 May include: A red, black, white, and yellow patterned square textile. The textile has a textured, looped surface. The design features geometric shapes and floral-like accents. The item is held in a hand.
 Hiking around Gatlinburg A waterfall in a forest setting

--

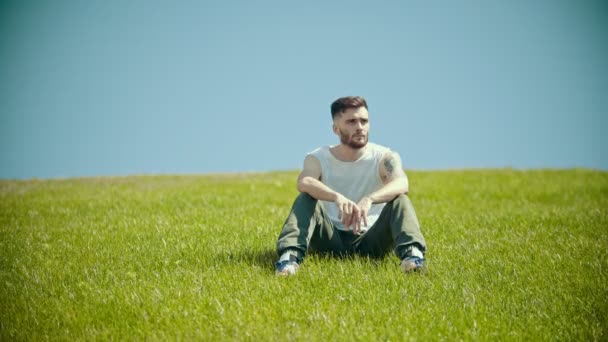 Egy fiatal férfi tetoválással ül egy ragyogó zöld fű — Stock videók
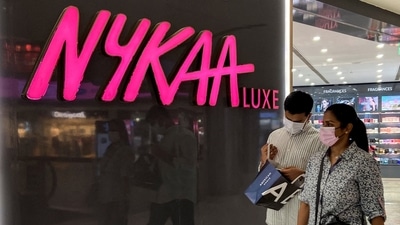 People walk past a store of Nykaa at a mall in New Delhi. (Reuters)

...

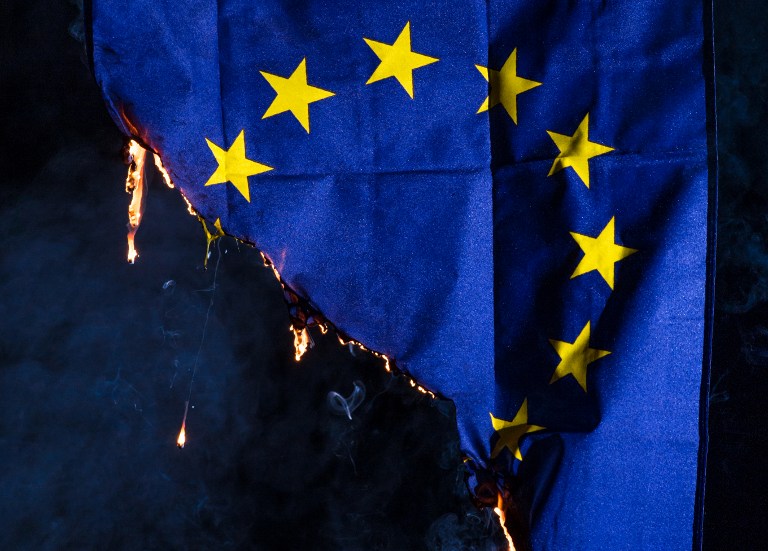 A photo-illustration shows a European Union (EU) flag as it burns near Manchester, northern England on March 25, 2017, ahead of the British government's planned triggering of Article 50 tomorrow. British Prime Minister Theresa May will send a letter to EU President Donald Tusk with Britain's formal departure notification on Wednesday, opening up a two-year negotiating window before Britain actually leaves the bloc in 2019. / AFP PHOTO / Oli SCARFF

● Your task:
The lines to set down run from the line with "Egy fiatal férfi" up to and including the line with "People walk past" in the entries above. Reproduce them exactly, with no pictures.

● Finished exercise:
 Egy fiatal férfi tetoválással ül egy ragyogó zöld fű — Stock videók
 People walk past a store of Nykaa at a mall in New Delhi. (Reuters)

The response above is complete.